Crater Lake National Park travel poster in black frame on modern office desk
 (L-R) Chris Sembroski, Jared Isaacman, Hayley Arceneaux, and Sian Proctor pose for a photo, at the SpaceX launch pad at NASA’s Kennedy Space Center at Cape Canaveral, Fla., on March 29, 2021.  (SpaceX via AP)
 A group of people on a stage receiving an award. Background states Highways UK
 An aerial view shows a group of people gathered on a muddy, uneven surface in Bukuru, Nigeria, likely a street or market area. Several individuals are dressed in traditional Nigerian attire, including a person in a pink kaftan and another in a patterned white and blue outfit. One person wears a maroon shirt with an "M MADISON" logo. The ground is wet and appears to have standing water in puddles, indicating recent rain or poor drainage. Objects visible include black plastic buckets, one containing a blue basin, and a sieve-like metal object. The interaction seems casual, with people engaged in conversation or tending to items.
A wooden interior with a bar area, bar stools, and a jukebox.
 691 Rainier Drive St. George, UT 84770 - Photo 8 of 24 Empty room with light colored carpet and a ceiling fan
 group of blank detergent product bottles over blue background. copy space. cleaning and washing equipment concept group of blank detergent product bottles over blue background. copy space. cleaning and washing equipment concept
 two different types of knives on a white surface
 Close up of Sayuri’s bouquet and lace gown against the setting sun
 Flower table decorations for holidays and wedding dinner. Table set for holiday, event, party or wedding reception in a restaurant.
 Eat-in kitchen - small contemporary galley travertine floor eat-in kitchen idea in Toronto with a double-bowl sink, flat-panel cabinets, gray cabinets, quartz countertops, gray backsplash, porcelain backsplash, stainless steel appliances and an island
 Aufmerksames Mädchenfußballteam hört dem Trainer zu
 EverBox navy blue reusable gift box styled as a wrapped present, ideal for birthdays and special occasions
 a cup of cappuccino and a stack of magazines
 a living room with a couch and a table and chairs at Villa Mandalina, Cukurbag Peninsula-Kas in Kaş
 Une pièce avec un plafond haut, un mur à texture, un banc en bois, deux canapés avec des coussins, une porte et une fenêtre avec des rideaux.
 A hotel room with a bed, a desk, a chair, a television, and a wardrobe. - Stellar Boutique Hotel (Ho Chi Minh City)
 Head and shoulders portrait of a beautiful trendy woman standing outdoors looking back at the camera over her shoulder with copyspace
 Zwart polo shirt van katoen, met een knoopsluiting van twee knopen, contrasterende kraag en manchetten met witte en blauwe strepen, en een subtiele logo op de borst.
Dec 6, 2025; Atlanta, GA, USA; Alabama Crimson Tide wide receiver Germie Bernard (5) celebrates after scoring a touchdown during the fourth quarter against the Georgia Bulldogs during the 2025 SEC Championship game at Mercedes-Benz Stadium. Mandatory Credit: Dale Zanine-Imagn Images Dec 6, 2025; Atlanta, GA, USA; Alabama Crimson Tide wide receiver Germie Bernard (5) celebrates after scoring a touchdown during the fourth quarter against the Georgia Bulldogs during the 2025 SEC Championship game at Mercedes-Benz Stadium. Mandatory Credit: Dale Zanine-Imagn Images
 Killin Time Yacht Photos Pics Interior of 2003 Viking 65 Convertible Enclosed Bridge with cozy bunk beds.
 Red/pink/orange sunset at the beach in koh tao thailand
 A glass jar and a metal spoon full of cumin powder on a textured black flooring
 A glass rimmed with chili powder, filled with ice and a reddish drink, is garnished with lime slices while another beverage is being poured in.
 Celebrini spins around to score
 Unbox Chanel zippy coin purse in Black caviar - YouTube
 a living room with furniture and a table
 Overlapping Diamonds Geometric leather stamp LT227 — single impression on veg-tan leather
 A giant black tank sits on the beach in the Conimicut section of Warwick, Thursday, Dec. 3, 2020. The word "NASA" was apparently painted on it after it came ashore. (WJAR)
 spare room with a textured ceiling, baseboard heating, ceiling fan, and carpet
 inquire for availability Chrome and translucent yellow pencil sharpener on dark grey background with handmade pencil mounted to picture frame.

━━━━━━━━━━━━━━━━━━━━

From top to bottom, reproduce the material exactly.

Crater Lake National Park travel poster in black frame on modern office desk
 (L-R) Chris Sembroski, Jared Isaacman, Hayley Arceneaux, and Sian Proctor pose for a photo, at the SpaceX launch pad at NASA’s Kennedy Space Center at Cape Canaveral, Fla., on March 29, 2021.  (SpaceX via AP)
 A group of people on a stage receiving an award. Background states Highways UK
 An aerial view shows a group of people gathered on a muddy, uneven surface in Bukuru, Nigeria, likely a street or market area. Several individuals are dressed in traditional Nigerian attire, including a person in a pink kaftan and another in a patterned white and blue outfit. One person wears a maroon shirt with an "M MADISON" logo. The ground is wet and appears to have standing water in puddles, indicating recent rain or poor drainage. Objects visible include black plastic buckets, one containing a blue basin, and a sieve-like metal object. The interaction seems casual, with people engaged in conversation or tending to items.
A wooden interior with a bar area, bar stools, and a jukebox.
 691 Rainier Drive St. George, UT 84770 - Photo 8 of 24 Empty room with light colored carpet and a ceiling fan
 group of blank detergent product bottles over blue background. copy space. cleaning and washing equipment concept group of blank detergent product bottles over blue background. copy space. cleaning and washing equipment concept
 two different types of knives on a white surface
 Close up of Sayuri’s bouquet and lace gown against the setting sun
 Flower table decorations for holidays and wedding dinner. Table set for holiday, event, party or wedding reception in a restaurant.
 Eat-in kitchen - small contemporary galley travertine floor eat-in kitchen idea in Toronto with a double-bowl sink, flat-panel cabinets, gray cabinets, quartz countertops, gray backsplash, porcelain backsplash, stainless steel appliances and an island
 Aufmerksames Mädchenfußballteam hört dem Trainer zu
 EverBox navy blue reusable gift box styled as a wrapped present, ideal for birthdays and special occasions
 a cup of cappuccino and a stack of magazines
 a living room with a couch and a table and chairs at Villa Mandalina, Cukurbag Peninsula-Kas in Kaş
 Une pièce avec un plafond haut, un mur à texture, un banc en bois, deux canapés avec des coussins, une porte et une fenêtre avec des rideaux.
 A hotel room with a bed, a desk, a chair, a television, and a wardrobe. - Stellar Boutique Hotel (Ho Chi Minh City)
 Head and shoulders portrait of a beautiful trendy woman standing outdoors looking back at the camera over her shoulder with copyspace
 Zwart polo shirt van katoen, met een knoopsluiting van twee knopen, contrasterende kraag en manchetten met witte en blauwe strepen, en een subtiele logo op de borst.
Dec 6, 2025; Atlanta, GA, USA; Alabama Crimson Tide wide receiver Germie Bernard (5) celebrates after scoring a touchdown during the fourth quarter against the Georgia Bulldogs during the 2025 SEC Championship game at Mercedes-Benz Stadium. Mandatory Credit: Dale Zanine-Imagn Images Dec 6, 2025; Atlanta, GA, USA; Alabama Crimson Tide wide receiver Germie Bernard (5) celebrates after scoring a touchdown during the fourth quarter against the Georgia Bulldogs during the 2025 SEC Championship game at Mercedes-Benz Stadium. Mandatory Credit: Dale Zanine-Imagn Images
 Killin Time Yacht Photos Pics Interior of 2003 Viking 65 Convertible Enclosed Bridge with cozy bunk beds.
 Red/pink/orange sunset at the beach in koh tao thailand
 A glass jar and a metal spoon full of cumin powder on a textured black flooring
 A glass rimmed with chili powder, filled with ice and a reddish drink, is garnished with lime slices while another beverage is being poured in.
 Celebrini spins around to score
 Unbox Chanel zippy coin purse in Black caviar - YouTube
 a living room with furniture and a table
 Overlapping Diamonds Geometric leather stamp LT227 — single impression on veg-tan leather
 A giant black tank sits on the beach in the Conimicut section of Warwick, Thursday, Dec. 3, 2020. The word "NASA" was apparently painted on it after it came ashore. (WJAR)
 spare room with a textured ceiling, baseboard heating, ceiling fan, and carpet
 inquire for availability Chrome and translucent yellow pencil sharpener on dark grey background with handmade pencil mounted to picture frame.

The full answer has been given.